Ari Hadjiyianni
Hi, my name is Ari Hadjiyianni. I’m a rising senior at UC Berkeley majoring in Statistics and minoring in Data Science. I am very interested in the ethics of data collection/cleaning, and am passionate about making data as publicly available as possible. For this project, I was mainly responsible for finding relevant sources, analyzing our data, and providing descriptive explanations for our findings.
Sean Tai
Hi, my name is Sean Tai. I’m a rising sophomore at UC Berkeley majoring in Data Science. I’m interested in the intersection between data science, culture, ethics, and society, and for this project I was working on the data side, focusing on the data critique, two sources of the annotated bibliography, and proofreading the data and written aspects.
Data Critique
The primary datasets in our digital humanities project are "Median Household Income 2024,” “Race and Ethnicity in Oakland,” and “Zillow House Data,” which all offer insights into social and economic issues in the Bay Area. They focus on ownership patterns, racial biases, gentrification effects, and movement patterns of minority groups. The “Median Household Income 2024” dataset shows median household incomes by regions and times, highlighting economic disparities. The "Race and Ethnicity" dataset shows the racial and ethnic makeup of the Oakland population, useful for understanding population shifts and the demographics regarding minorities. The “Zillow House Data” dataset allows us to view the typical value of homes in specific regions, allowing for deeper analysis on the economic variance in neighborhoods.
We aimed to understand if and how racial biases affect ownership through analysis of incomes and demographic changes over time. The historical discrimination of minority groups has had lasting effects within Oakland and other similar cities across America, one such example is the education gap found in children of low income families compared to children in wealthy neighborhoods. Gentrification further increases the already large wealth gap between the white middle class and minorities, specifically African Americans. The datasets allow for analysis on gentrification by linking changes in racial makeup with income and property costs through visualizations, and examining the distribution of minority group demographics in gentrified areas. We can also examine the relationship between income changes, property values, and gentrification to understand economic pressures on different racial groups, as highlighted by our datasets.
While our data offers various insights, it also has clear limitations. There are granularity issues with the demographic dataset, such as broad racial categories like "Asian," which encompasses many subgroups. The data also lacks demographic details like age, gender, and education level, which could be useful for further understanding the impact of gentrification on various demographics. We also found granularity issues with the median household income dataset, encountering margins of error, outliers, and incomplete data for certain zip codes. For the crime data set, we randomly sampled a smaller portion of data to work with, as the entire dataset was far too large to run data analysis on. Additionally, Zillow uses a custom metric, the typical value for homes in the 35th to 65th percentile range, which might not capture specific neighborhood variations or housing types. Correlations don't imply causation and attributing causes to trends needs more detailed data and analysis. Additionally, many of the data sets only go back a few years, and do not span a large period of time to accurately determine long-term effects of gentrification. External factors like policy changes, economic cycles, and unrelated migration may influence trends and are hard to account for. Our assumptions and biases are also critical to state, as they also shape our interpretation and analysis. Focusing on gentrification might cause us to miss other factors affecting demographic and economic changes, and our interpretation of terms like "gentrification" or "racial bias" might differ from others.
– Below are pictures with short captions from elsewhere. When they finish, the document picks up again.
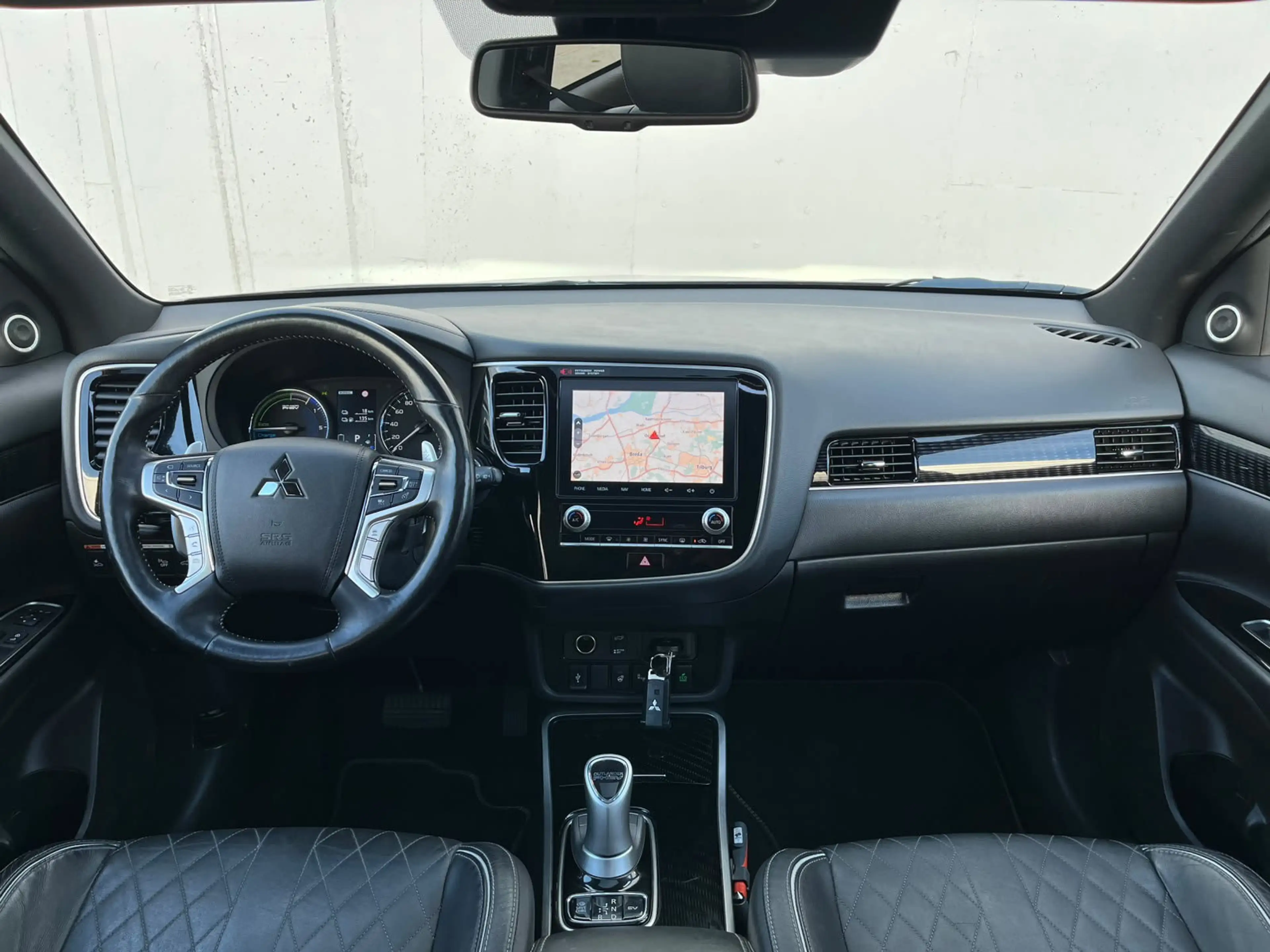Mitsubishi Outlander 2.4 PHEV Instyle clima| trekhaak | leder | schuifd — photo 4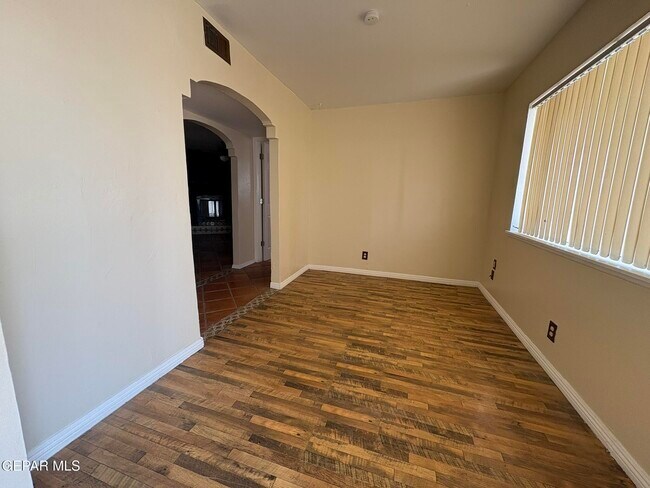 Foto del edificio - 10309 Shoshone St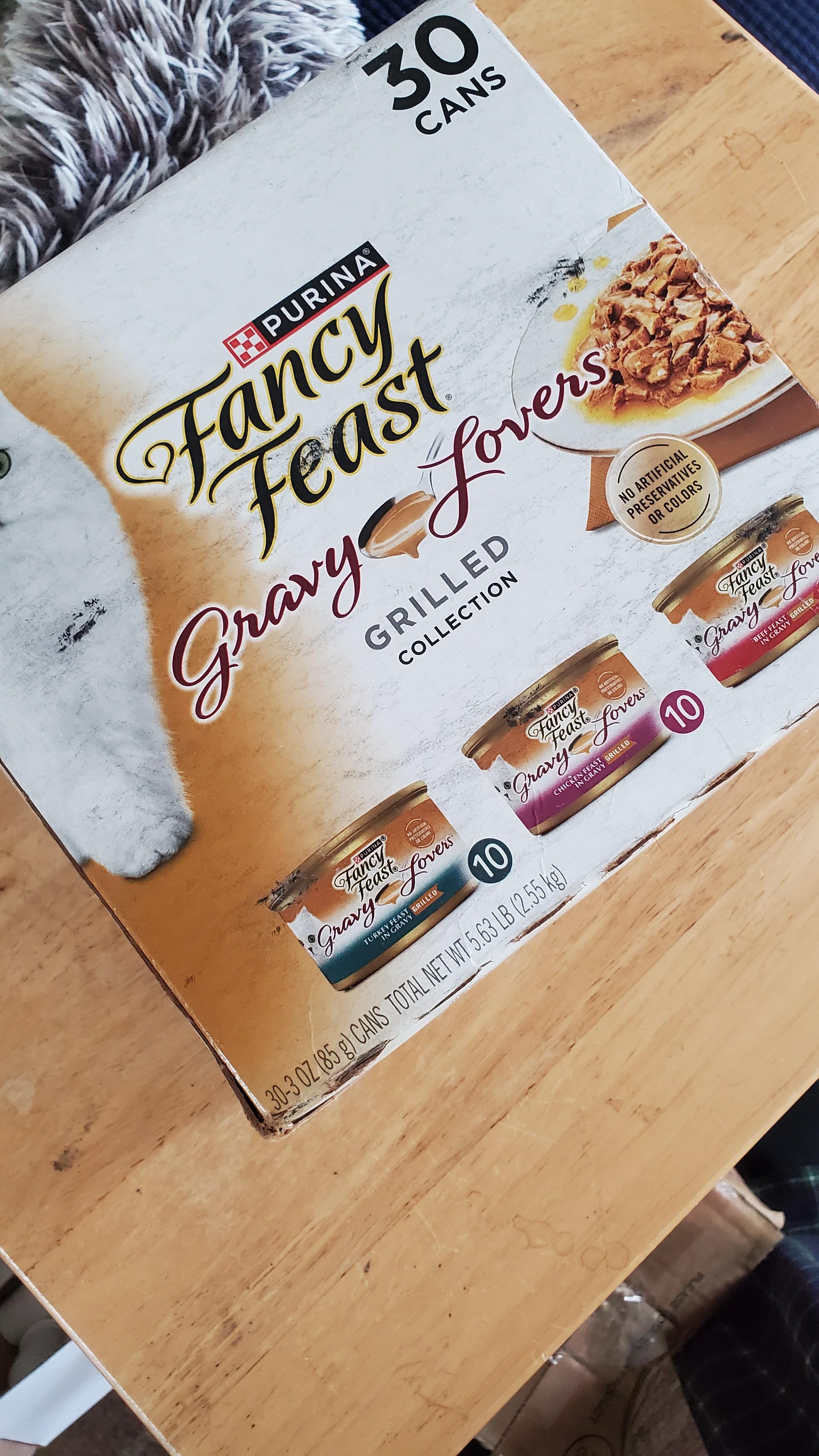 Purina Fancy Feast Gravy Lovers Poultry and Beef Grilled Gourmet Wet Cat Food Variety Pack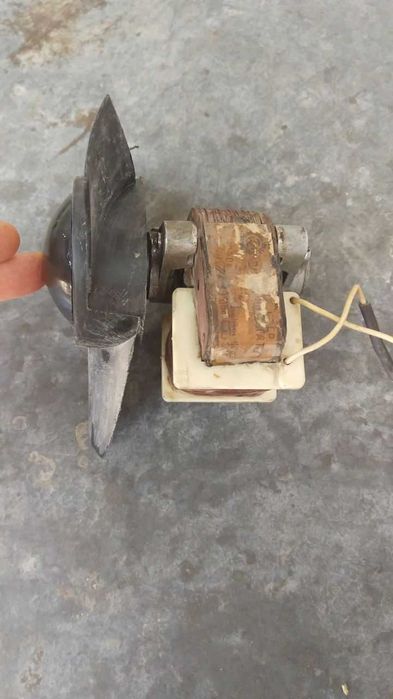 Вентилятор ссср.Работает на  вдув.диаметр 17см.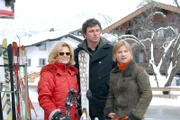 (v.li.): Andrea L’Arronge (Gräfin Schönberg), Hans Sigl (Andreas Blitz), Kristina Sprenger (Karin Kofler).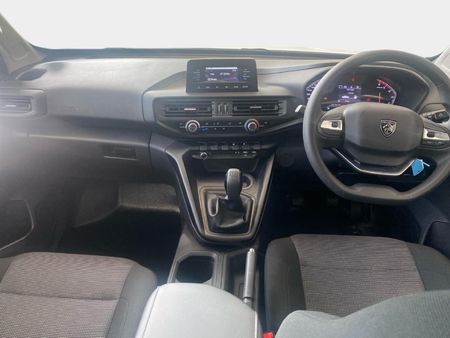 2026-Peugeot-Landtrek-19D-Professional-Double-Cab_22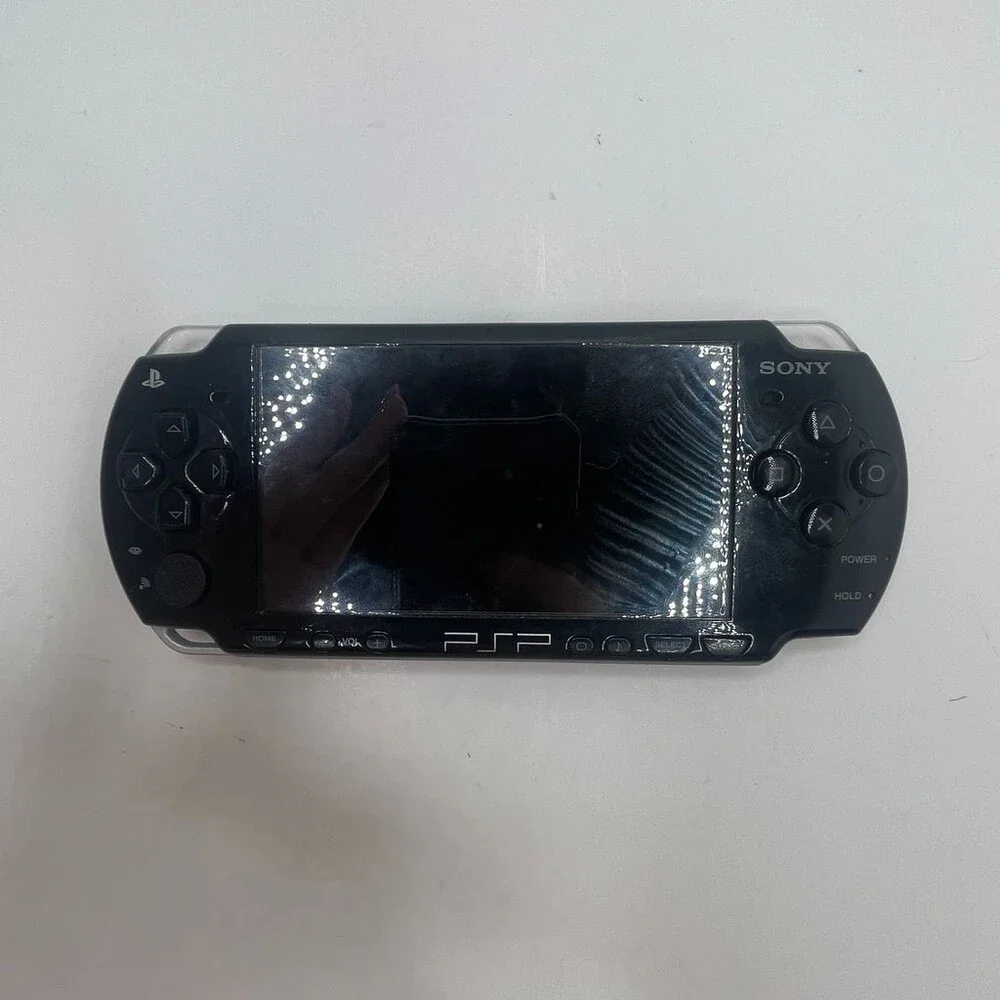 Black Sony PlayStation Portable PSP-2001 Handheld Game System Only *FOR PARTS*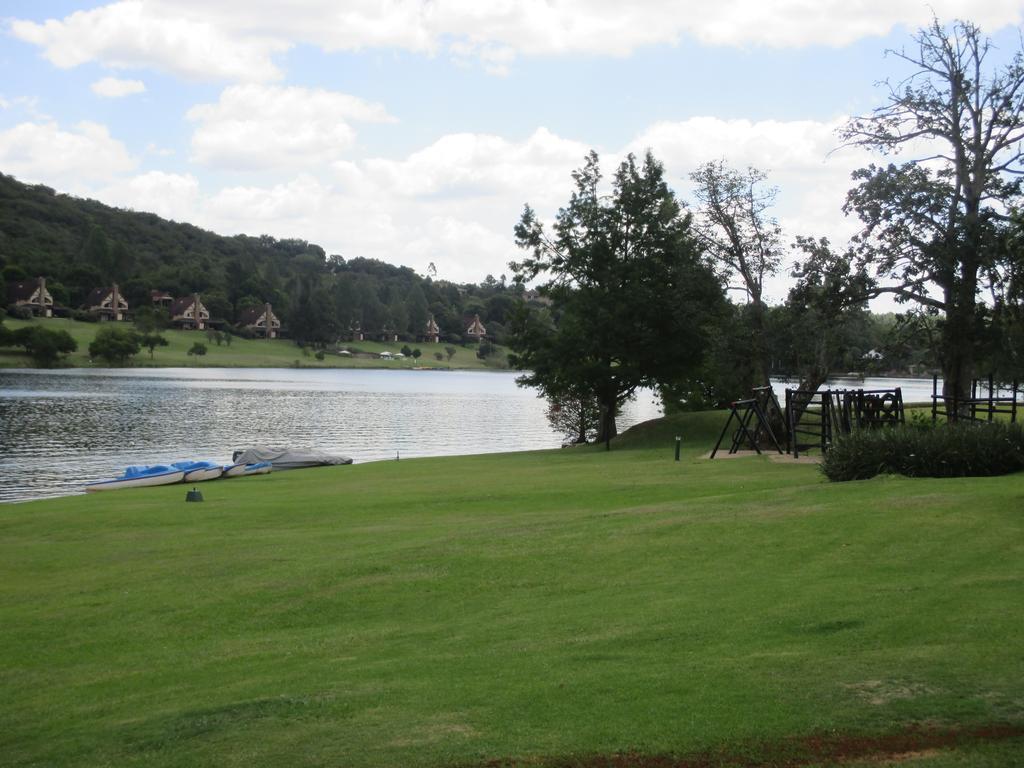 African Sky Hotels - Pine Lake Inn White River Exteriör bild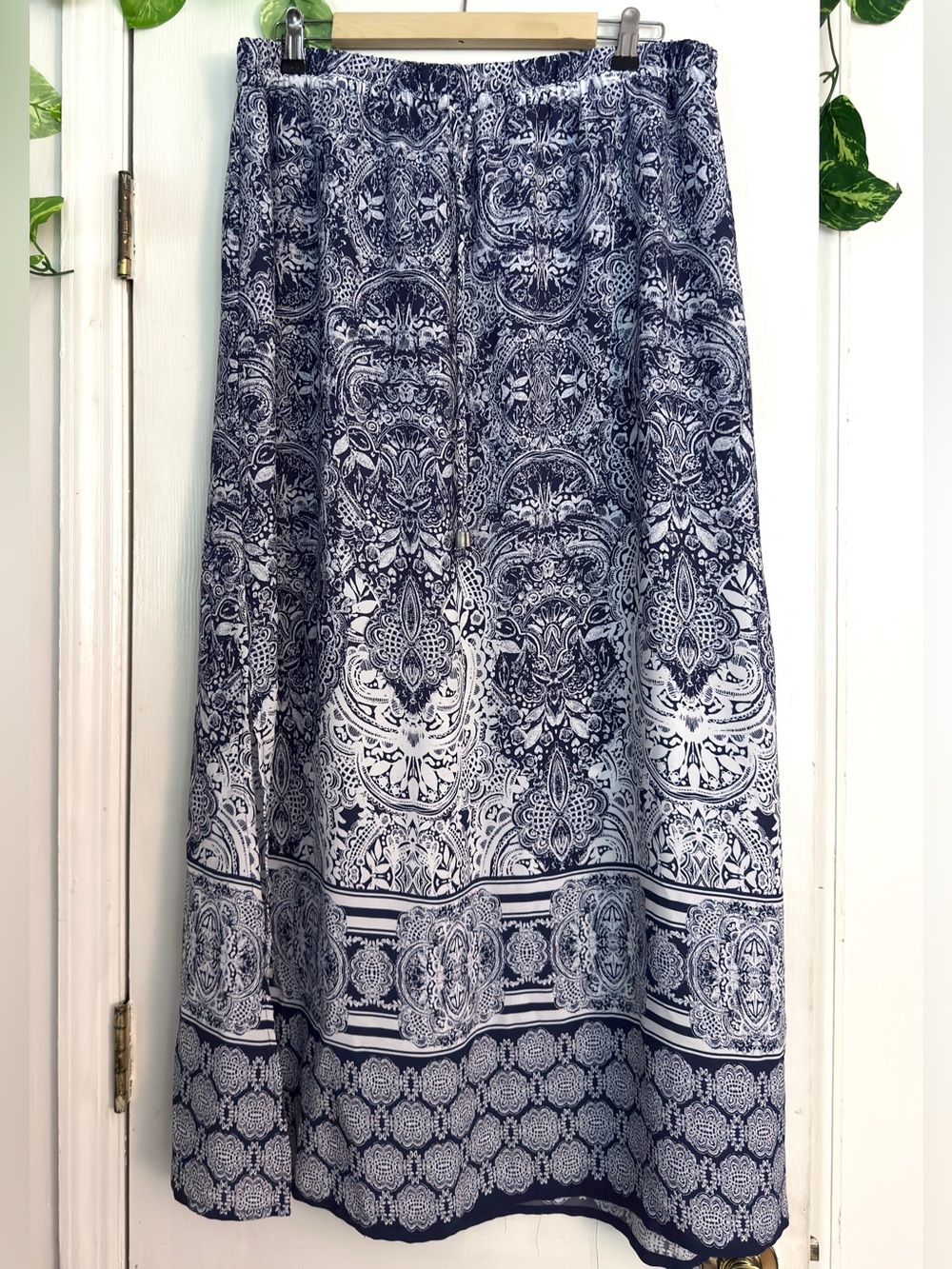 Faded Glory Navy White Medallion Maxi Skirt XL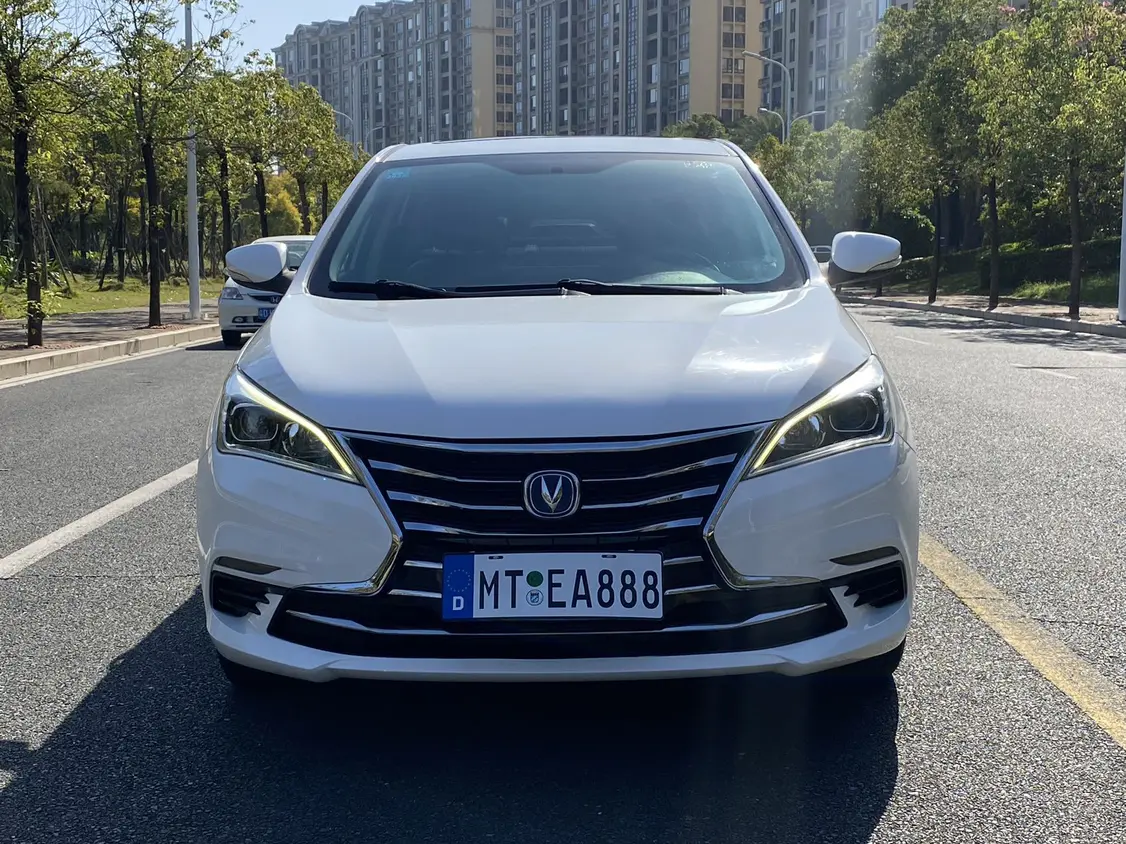 Changan Eado DT  из Китая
The datasets come from government databases, census reports, and other official sources. We aggregated data from official reports and visualizations, focusing on monitoring economic trends. While the datasets offer insights into race, economics, and urban development, we must acknowledge their limitations. Data completeness, causality challenges, external factors, and biases shape our analysis outcomes. Recognizing these limitations is essential to maintain the accuracy and integrity of our findings.